General Motors Co. (GM) vehicles move along the body shop production line at company's assembly plant in Lake Orion, Michigan, Feb. 21, 2012. The company earned $9.19 billion last year, the largest annual profit in its 103-year-history.

On Thursday, Pew released some timely data on three major federal undertakings that defined the beginning of President Barack Obama’s first term: the bank bailout, passed under George W. Bush just before Obama took office; the stimulus plan, Obama’s flagship economic initiative; and the 2009 rescue package for the big three U.S. automakers, which the President is highlighting in ads this week. The numbers illustrate both why Obama has chosen the auto bailout to make his case for re-election, and why Mitt Romney continues to talk about his own vociferous opposition to the policy. If that sounds like a contradiction, that’s because it is. Such is the nature of the American public’s view of government.

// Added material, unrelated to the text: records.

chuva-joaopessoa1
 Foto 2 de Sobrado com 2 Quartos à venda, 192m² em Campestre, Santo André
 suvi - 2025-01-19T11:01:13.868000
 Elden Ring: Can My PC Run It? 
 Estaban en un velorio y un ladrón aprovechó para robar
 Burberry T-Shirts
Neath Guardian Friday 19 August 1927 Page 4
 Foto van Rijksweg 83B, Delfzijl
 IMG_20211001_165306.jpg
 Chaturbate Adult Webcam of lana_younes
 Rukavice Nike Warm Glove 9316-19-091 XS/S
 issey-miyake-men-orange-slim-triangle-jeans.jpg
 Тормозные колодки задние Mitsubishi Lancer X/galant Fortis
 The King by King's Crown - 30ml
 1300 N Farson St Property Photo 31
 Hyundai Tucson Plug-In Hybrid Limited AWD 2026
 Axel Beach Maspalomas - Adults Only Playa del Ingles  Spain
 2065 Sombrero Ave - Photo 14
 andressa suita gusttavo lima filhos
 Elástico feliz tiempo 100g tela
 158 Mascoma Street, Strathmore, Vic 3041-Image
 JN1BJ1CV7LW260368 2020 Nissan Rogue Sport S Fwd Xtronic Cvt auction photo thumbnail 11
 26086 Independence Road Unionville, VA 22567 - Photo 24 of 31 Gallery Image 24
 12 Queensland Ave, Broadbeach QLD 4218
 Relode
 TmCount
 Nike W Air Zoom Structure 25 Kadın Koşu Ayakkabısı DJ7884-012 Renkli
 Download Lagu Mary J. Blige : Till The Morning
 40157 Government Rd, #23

The Pew survey found unwavering distaste for the Troubled Asset Relief Program, which 52% of Americans see as “wrong,” almost exactly where it stood a year ago. Approval for the Recovery Act hasn’t moved either, though fewer Americans now have a negative impression of it, and the nation remains split on the merits of the stimulus plan, 37% in favor, 41% opposed. However, a 56% majority, including 44% of Republicans, now say the auto bailout was “mostly good for the economy,” up 19 percentage points since October 2009. And that’s the kind of good will Obama is trading off in Michigan.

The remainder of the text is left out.